In their arguments, the opponents of euthanasia believe that if there is embracement of death with validity citing the medical complications as the reason for the decision, then there is a problem with people of incurable diseases. Importantly, they give an alternative to the situation whereby they settle on the palliative care. According to their arguments, palliative care is more active creative and is in a position to provide relief from the pain and even the symptoms. In addition, it is likely to give relief both to the caregiver and the patients.
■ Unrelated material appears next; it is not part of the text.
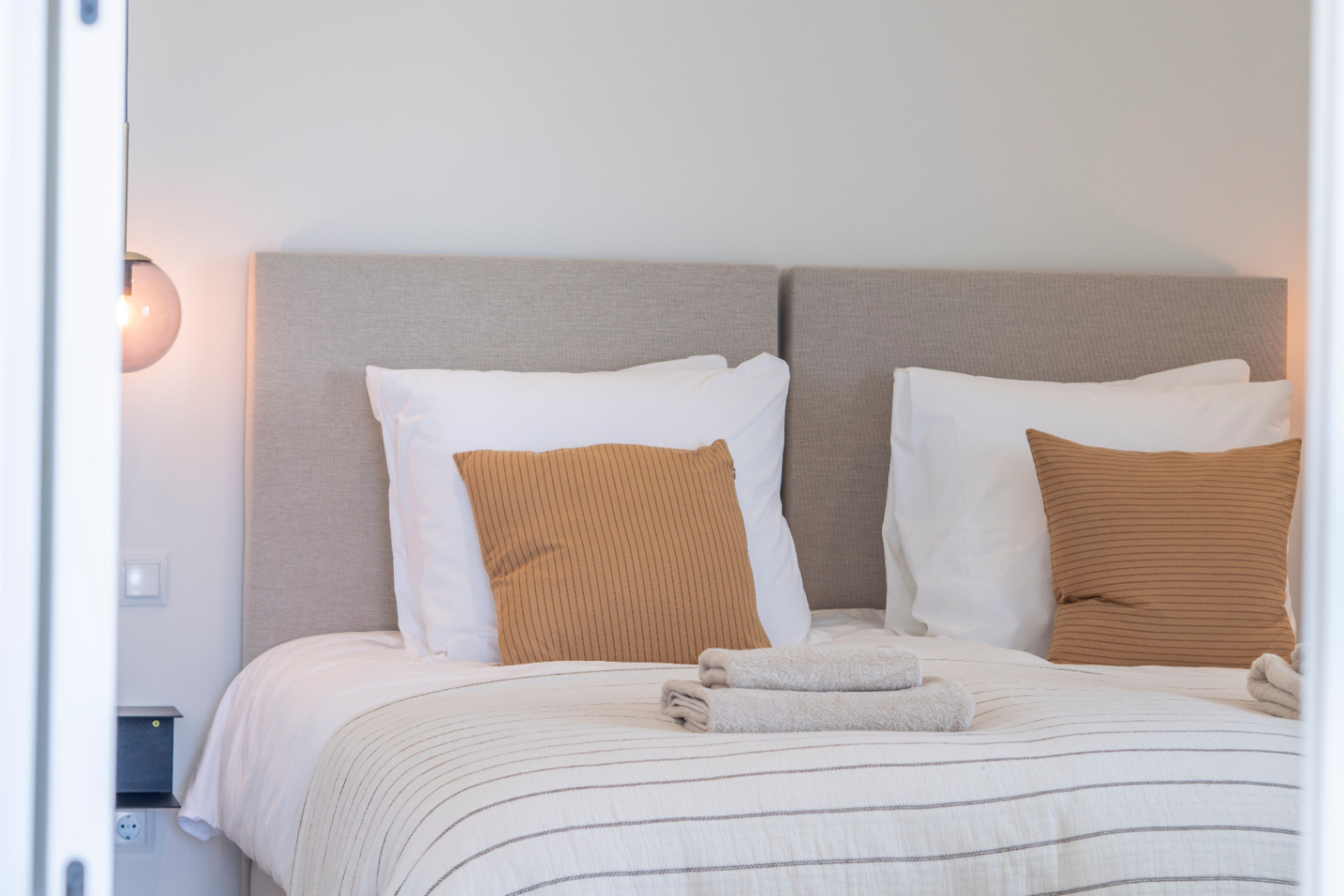 Détail d'une chambre avec tête de lit rembourrée, coussins moutarde et linge de lit rayé.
According to the Indian constitution, there is a provision for the right to life as contained in Article 21. This provision is only applicable in the case of natural death. Therefore, any incident such as suicide which is considered unnatural termination of life is not applicable in this article. The duty of the state is to provide life security to the people. On the same note, the medical practitioners are given an obligation to ensure that they protect the lives of individuals medically. There are negative consequences in case there is the legalization of the euthanasia in a country. First, there is the possibility and likelihood that the state may cut funds meant for health and medical care for the people deemed incurable. Second, there will be incidences of neglect from the medical caregivers (Math & Chaturvedi, 2012). Looking at cases in the Netherlands, there is a decline in the level of medical care with the introduction of euthanasia as many patients who have been declared terminally ill receive less attention and medical services. With these incidences, it is evidently convincing to the opponents that legalization of the act will lead to a laxity in medical provision. Additionally, there is the likelihood of the state not putting to task its officials and even supporting the medical care for the patients deemed incurable.
The opponents of euthanasia are enriching their arguments giving cases of suicide in which those who have attempted suicide are seen as undergoing depression and mental challenges. In their case, there has been involvement of psychiatrist services to evaluate their situation and give the formidable solutions to their cases. Pegging the argument from this, it is important for the medical personnel to apply the psychiatrists’ services in incidences where a patient has applied for euthanasia
There are counter-arguments from those who are in support of euthanasia in which they point at the burden faced by the health providers and other caregivers. They point out that those with incurable conditions and defects should be given the right to die. The caregivers’ sufferings are inflicted in all aspects of life ranging from the financial, emotional, mental, social, mental, social and physical wellbeing. They are for the idea that the state should not claim that there is a right to life when they are not capable of financing the medical proceeds emanating from the care given to people of extreme medical conditions like severe mental illness.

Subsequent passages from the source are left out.